Excepto Pingüino -el enano borrachuzo que ejerce de guía en las catacumbas donde se aloja el museo-, nadie cree en la resurrección de Satán y del escuadrón de sicarios que le respalda y que, al igual que su amo, los integrantes del mismo fueron también momificados. Blue y Mil Máscaras, ante la poca credibilidad que ofrecen para ellos las palabras del diminuto Pingüino, optan por mantener el silencio. Ambos piensan que todo es fruto de las delirantes visiones de un alcohólico, por lo cual deciden mantener a Santo al margen del asunto: no sea que su amigo, el gran campeón de lucha libre, se vaya a desplazar inútilmente hasta Guanajuato por culpa de las sandeces de un beodo. El gran problema es que, en realidad, Satán ha vuelto y, con su regreso, el terror se ha apoderado de las calles de la ciudad.

Un sinfín de diálogos para besugos entre Blue Demon y el transformista Mil Máscaras; machacones momentos de vacío total -invertidos, la mayor parte de ellos, en mostrar una visita turística de los enclaves más típicos de la localidad-, o una delirante escena entre Blue y su hijo adoptivo en la que se cuestiona la legalidad de su paternidad, son sólo algunos de los inenarrables y psicotrónicos fragmentos de uno de los productos más representativos del cine protagonizado por luchadores mejicanos enmascarados.
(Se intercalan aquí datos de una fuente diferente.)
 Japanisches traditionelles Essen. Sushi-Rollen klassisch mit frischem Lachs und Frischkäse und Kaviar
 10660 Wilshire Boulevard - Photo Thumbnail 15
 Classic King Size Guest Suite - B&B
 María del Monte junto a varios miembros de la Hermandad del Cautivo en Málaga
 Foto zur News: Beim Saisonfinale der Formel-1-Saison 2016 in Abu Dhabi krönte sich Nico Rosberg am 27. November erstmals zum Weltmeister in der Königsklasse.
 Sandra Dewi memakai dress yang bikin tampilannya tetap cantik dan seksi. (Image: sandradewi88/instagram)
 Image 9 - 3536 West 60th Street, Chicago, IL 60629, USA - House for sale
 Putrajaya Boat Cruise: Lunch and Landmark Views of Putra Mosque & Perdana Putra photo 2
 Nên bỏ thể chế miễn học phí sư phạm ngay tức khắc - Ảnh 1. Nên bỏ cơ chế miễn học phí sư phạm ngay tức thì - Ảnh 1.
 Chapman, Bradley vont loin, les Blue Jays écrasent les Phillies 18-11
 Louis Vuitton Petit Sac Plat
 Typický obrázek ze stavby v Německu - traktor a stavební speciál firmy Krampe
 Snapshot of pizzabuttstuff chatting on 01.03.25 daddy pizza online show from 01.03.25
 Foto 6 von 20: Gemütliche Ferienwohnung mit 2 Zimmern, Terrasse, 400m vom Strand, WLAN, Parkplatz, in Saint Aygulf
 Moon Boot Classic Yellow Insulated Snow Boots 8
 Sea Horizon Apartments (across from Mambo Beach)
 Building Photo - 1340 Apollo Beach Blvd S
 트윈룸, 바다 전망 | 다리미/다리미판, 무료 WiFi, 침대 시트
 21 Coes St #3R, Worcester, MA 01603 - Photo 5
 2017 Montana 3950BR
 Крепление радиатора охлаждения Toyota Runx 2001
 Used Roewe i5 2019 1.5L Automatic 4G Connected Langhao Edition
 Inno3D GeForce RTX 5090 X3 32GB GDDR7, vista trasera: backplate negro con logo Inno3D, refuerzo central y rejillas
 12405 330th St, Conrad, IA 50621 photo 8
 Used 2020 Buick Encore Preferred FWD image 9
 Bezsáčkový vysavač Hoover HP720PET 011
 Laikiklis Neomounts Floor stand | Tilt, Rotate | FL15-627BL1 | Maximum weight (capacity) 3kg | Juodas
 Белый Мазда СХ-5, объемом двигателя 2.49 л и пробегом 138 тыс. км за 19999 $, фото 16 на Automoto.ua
No hay que darle muchas vueltas a su ilógico planteamiento, a su patética realización, ni a su surrealista desarrollo. Tan sólo es cuestión de reunirse ante la pantalla con un grupo de amigos, teniendo siempre a mano un buen número de cervezas fresquitas y (a ser posible) alguna que otra sustancia ilegal. El resto, ya es cuestión de cada uno. Dejarse llevar por los desvaríos de tales titanes, es uno de los mayores placeres de este mundo.

Cada vez que reviso éste y otros títulos similares, se me plantea la misma duda. O bien los guionistas y directores se tomaban muy en serio las ingenuidades que realizaban o, por el contrario, eran unos cachondos de muchísimo cuidado. Sólo a un gamberro se le ocurriría la idea de hacer que el propio Santo, como ocurre en el film, se enjuague el sudor de su frente con el dorso de la palma de la mano... ¡sin tener en cuenta que, por en medio, se interpone su mítica máscara plateada! ¿Genialidad o estupidez? En Las Momias de Guanajuato, el propio Blue Demon, a través de una de sus múltiples frases lapidarias, abre un poco de luz sobre el enigma: “hay cosas que aparentemente son inexplicables, pero que tienen una lógica si las analizamos serenamente”. A pesar de esa pinta de mentecato peleón, Blue Demon era un sabio en toda regla.